Revisiting the Role of Language Priors in Vision-Language Models

Vision-language models (VLMs) are impactful in part because they can be applied to a variety of visual understanding tasks in a zero-shot fashion, without any fine-tuning. We study $\textit{generative VLMs}$ that are trained for next-word generation given an image. We explore their zero-shot performance on the illustrative task of image-text retrieval across 8 popular vision-language benchmarks. Our first observation is that they can be repurposed for discriminative tasks (such as image-text retrieval) by simply computing the match score of generating a particular text string given an image. We call this probabilistic score the $\textit{Visual Generative Pre-Training Score}$ (VisualGPTScore). While the VisualGPTScore produces near-perfect accuracy on some retrieval benchmarks, it yields poor accuracy on others. We analyze this behavior through a probabilistic lens, pointing out that some benchmarks inadvertently capture unnatural language distributions by creating adversarial but unlikely text captions. In fact, we demonstrate that even a "blind" language model that ignores any image evidence can sometimes outperform all prior art, reminiscent of similar challenges faced by the visual-question answering (VQA) community many years ago. We derive a probabilistic post-processing scheme that controls for the amount of linguistic bias in generative VLMs at test time without having to retrain or fine-tune the model. We show that the VisualGPTScore, when appropriately debiased, is a strong zero-shot baseline for vision-language understanding, oftentimes producing state-of-the-art accuracy.

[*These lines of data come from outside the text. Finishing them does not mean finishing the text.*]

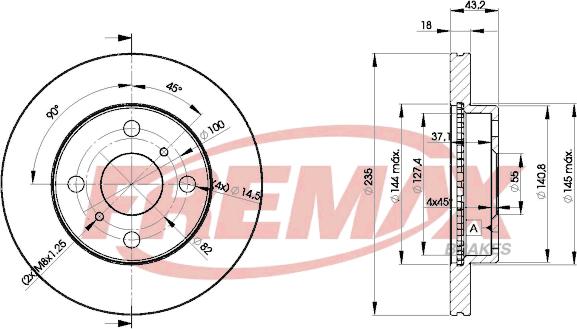 FREMAX BD-2020 - Disque de frein cwaw.fr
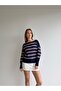 Off shoulder striped knit sweater - 5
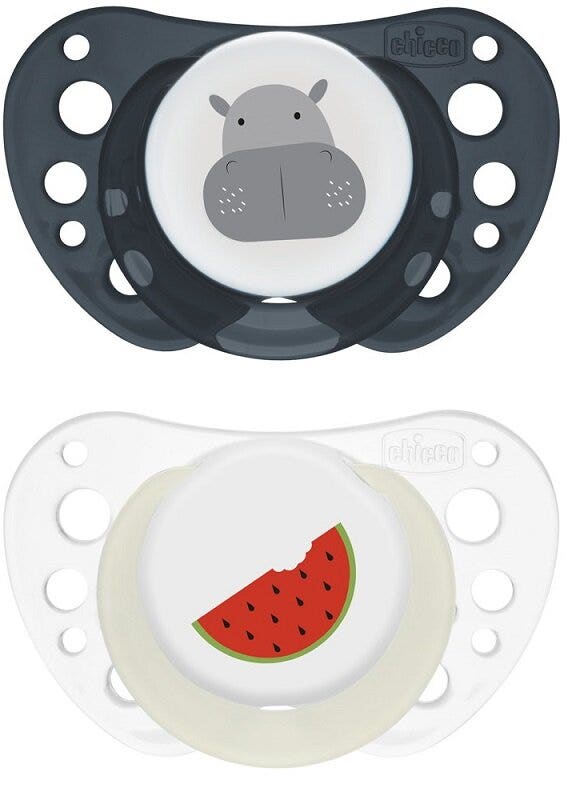 Chicco Succhietto Air Blu Silicone 16-36 Mesi 2 Pezzi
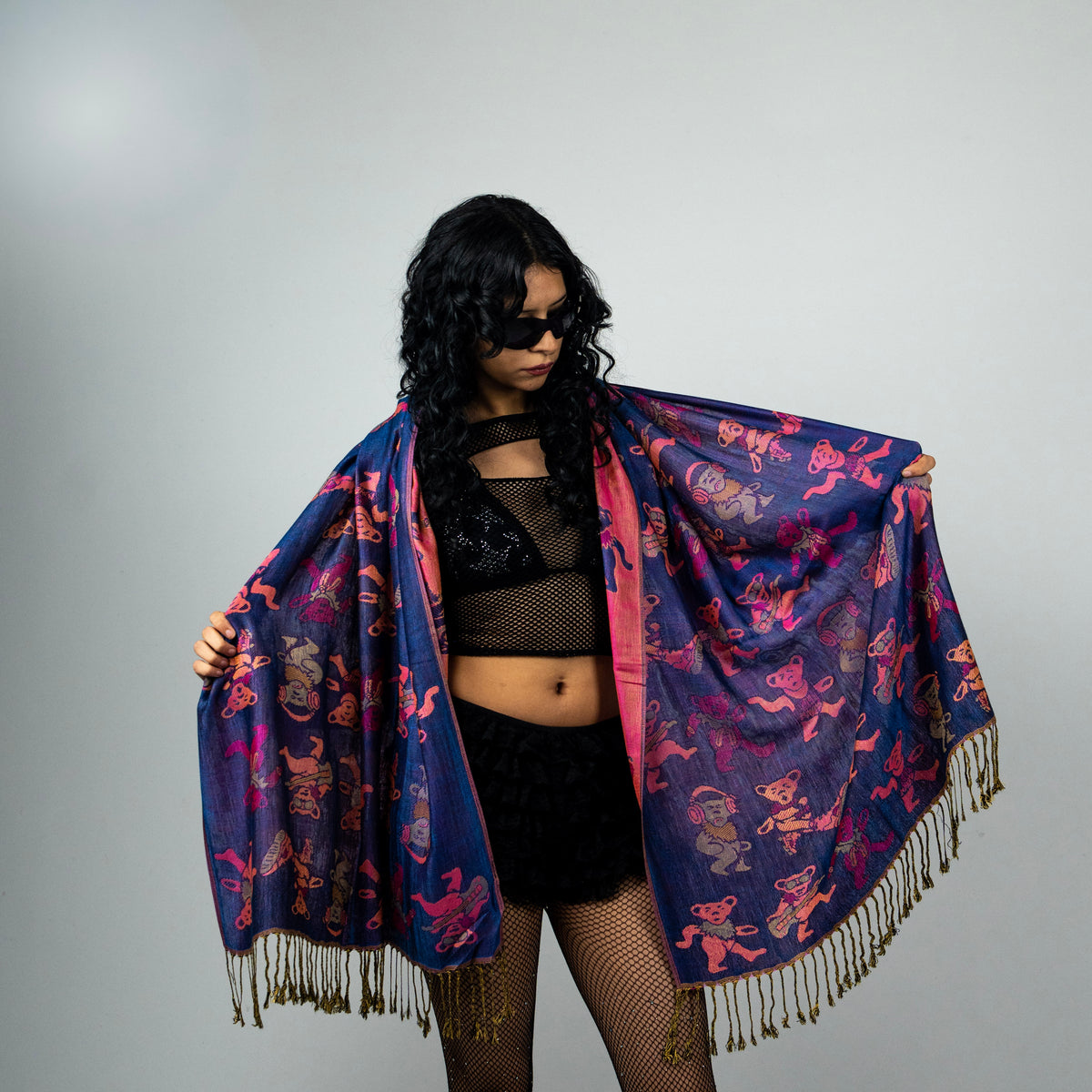 Dancing Bears Rave Pashmina Scarf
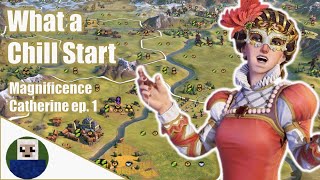 No Joke This is my best game yet Magnificent Start Civ 6 Mag Catherine Lets Play ep 1 [upl. by Allac]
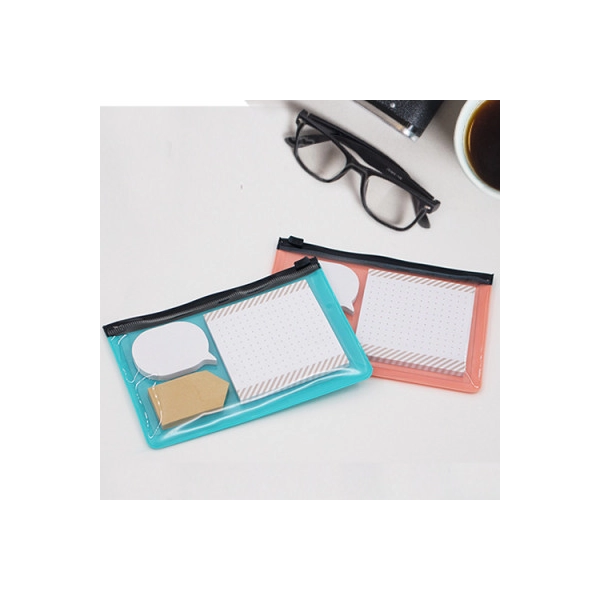 Set Post It Signal, en Cartuchera, de 15 x 10 cmts,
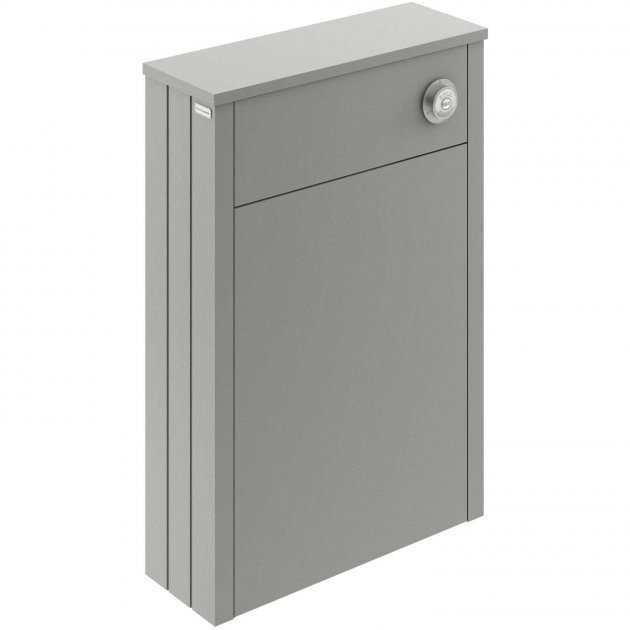 Hudson Reed Old London storm grey traditional back to wall WC unit 550mm wide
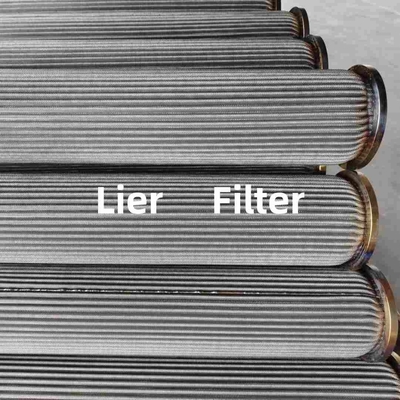 High Temp Resistance Stainless Steel Pleated Filter Element Abrasion Proof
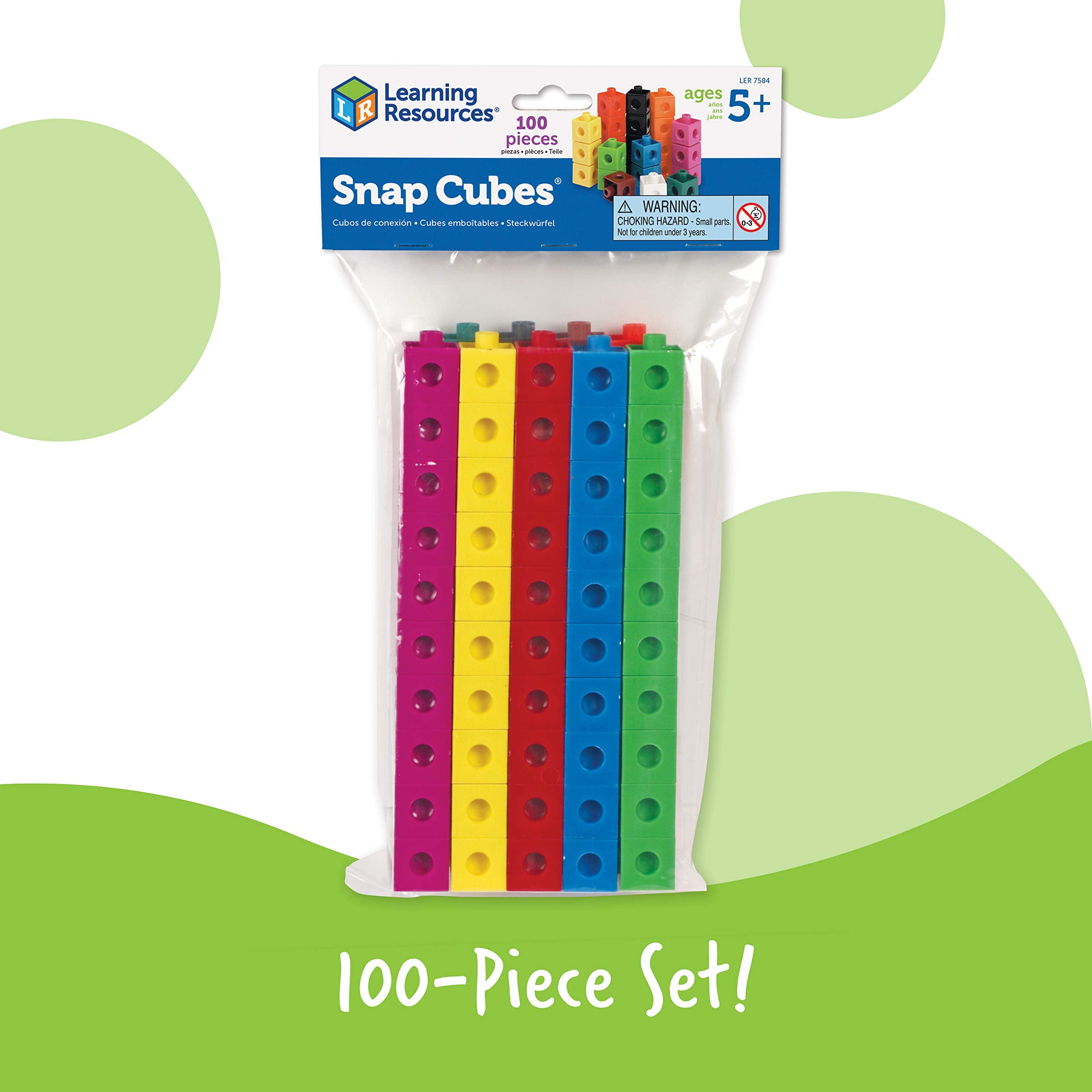 Learning Resources Snap Cubes - Connecting Math Cubes for Ages 5-9 7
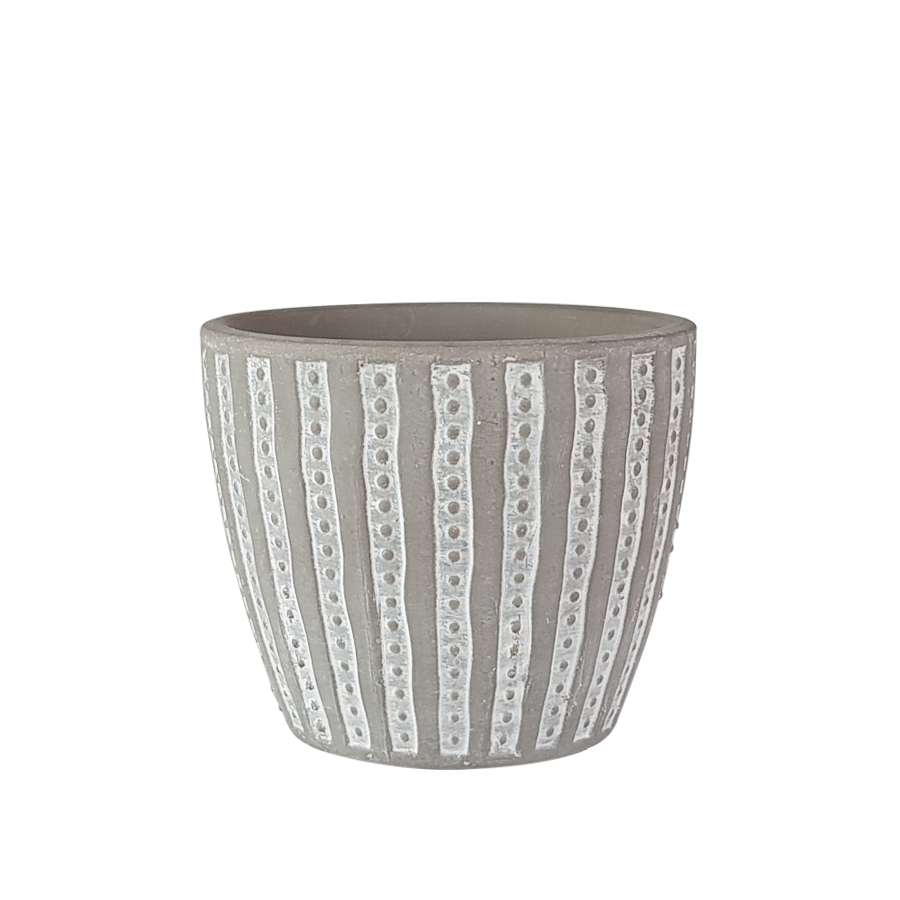 Cache-pot en céramique effet ciment | Deco-Delight.com Cache-pot en céramique effet ciment | Deco-Delight.com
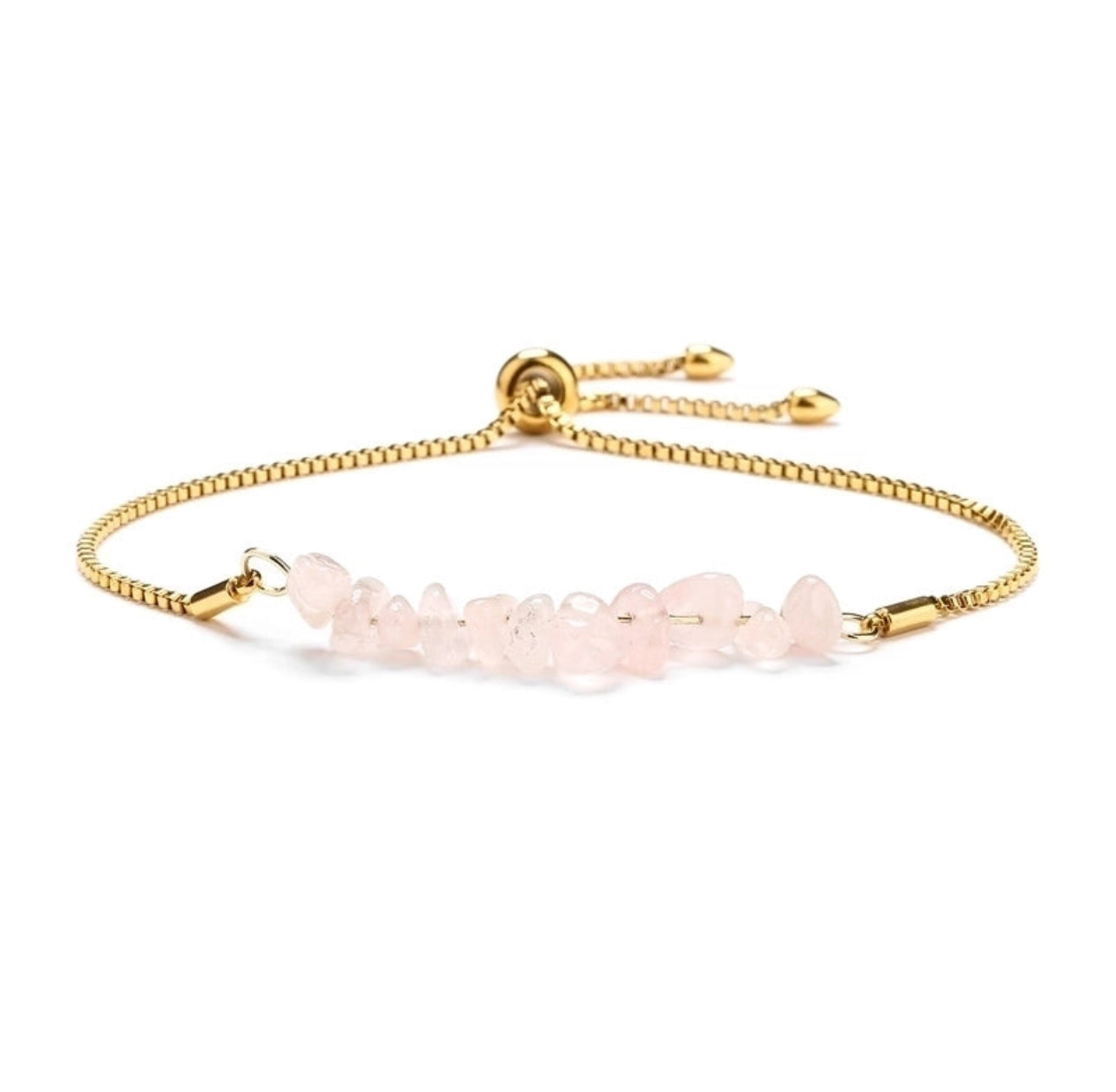 Natural Stone Gold Bracelet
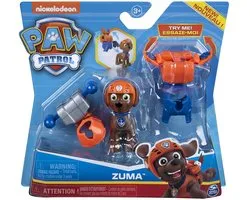 Spinmaster Paw Patrol Speelfiguur Zuma Inclusief Accessoires - Paw Patrol Actiefiguur
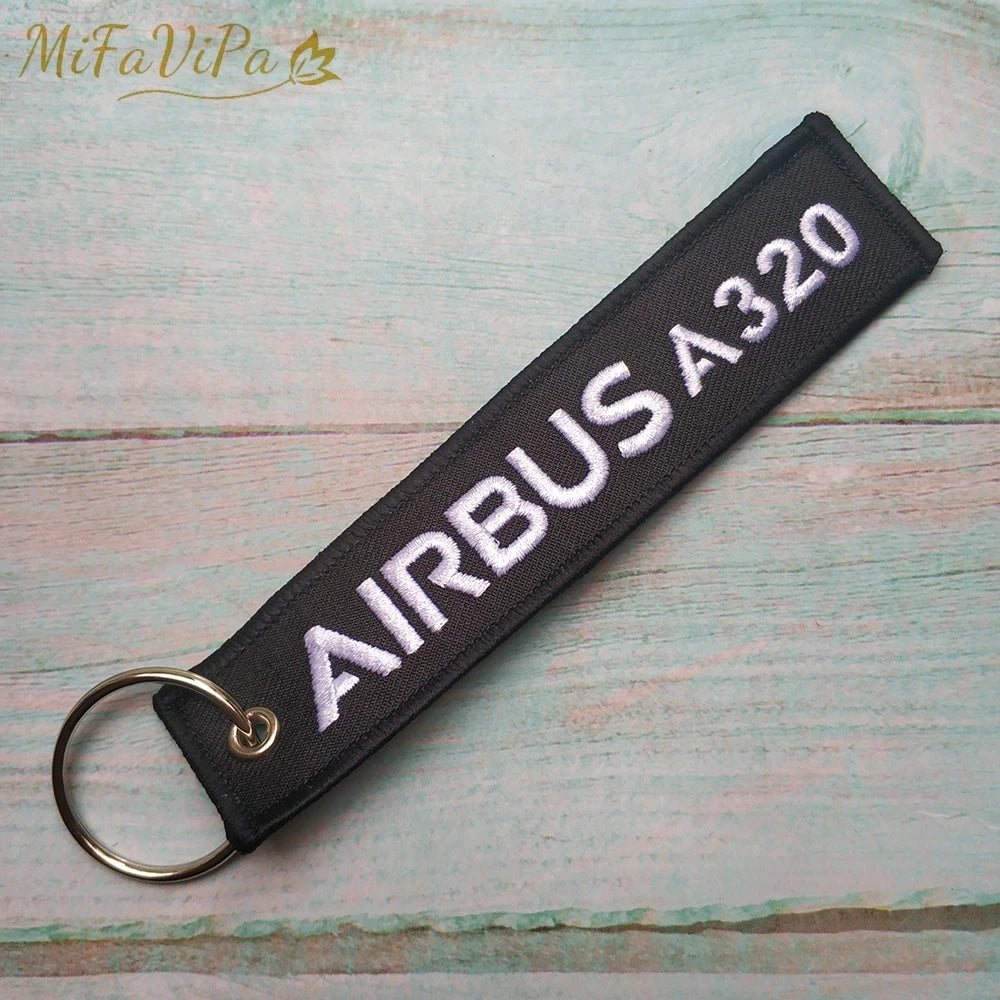 Cessna Embroidered Aviation Keychain Split Ring Pilot Key Ring Phone Strap Gift Accessory Chain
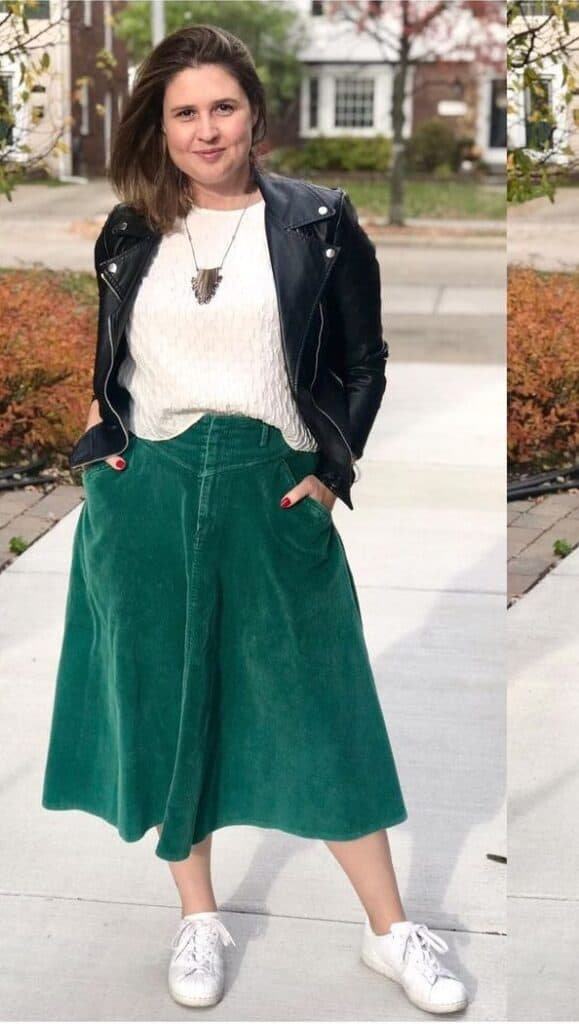 How to Wear a Corduroy Skirt (Complete Guide for Women)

翻译：视觉-语言模型（VLM）之所以影响深远，部分原因在于它们能够以零样本方式应用于多种视觉理解任务，而无需任何微调。我们研究的是针对给定图像进行下一个词生成训练的$\textit{生成式视觉-语言模型}$。我们在8个流行的视觉-语言基准上探索了它们在图像-文本检索这一示例性任务中的零样本性能。我们的第一个观察结果是，只需计算给定图像时生成特定文本字符串的匹配分数，便可将这些模型重新用于判别性任务（如图像-文本检索）。我们将该概率分数称为$\textit{视觉生成式预训练分数}$（VisualGPTScore）。尽管VisualGPTScore在某些检索基准上取得了近乎完美的准确率，但在其他基准上表现不佳。我们通过概率视角分析这一行为，指出某些基准通过创建对抗性但可能性较低的文本描述，无意中捕捉到了非自然的语言分布。事实上，我们证明，即使是一个忽略任何图像证据的“盲”语言模型，有时也能超越所有先前方法，这让人联想到多年前视觉问答（VQA）社区面临的类似挑战。我们推导出一种概率后处理方案，在测试时控制生成式VLM中的语言偏差程度，而无需重新训练或微调模型。我们证明，经过适当去偏后的VisualGPTScore是视觉-语言理解的一个强零样本基线，常常能达到最先进的准确率。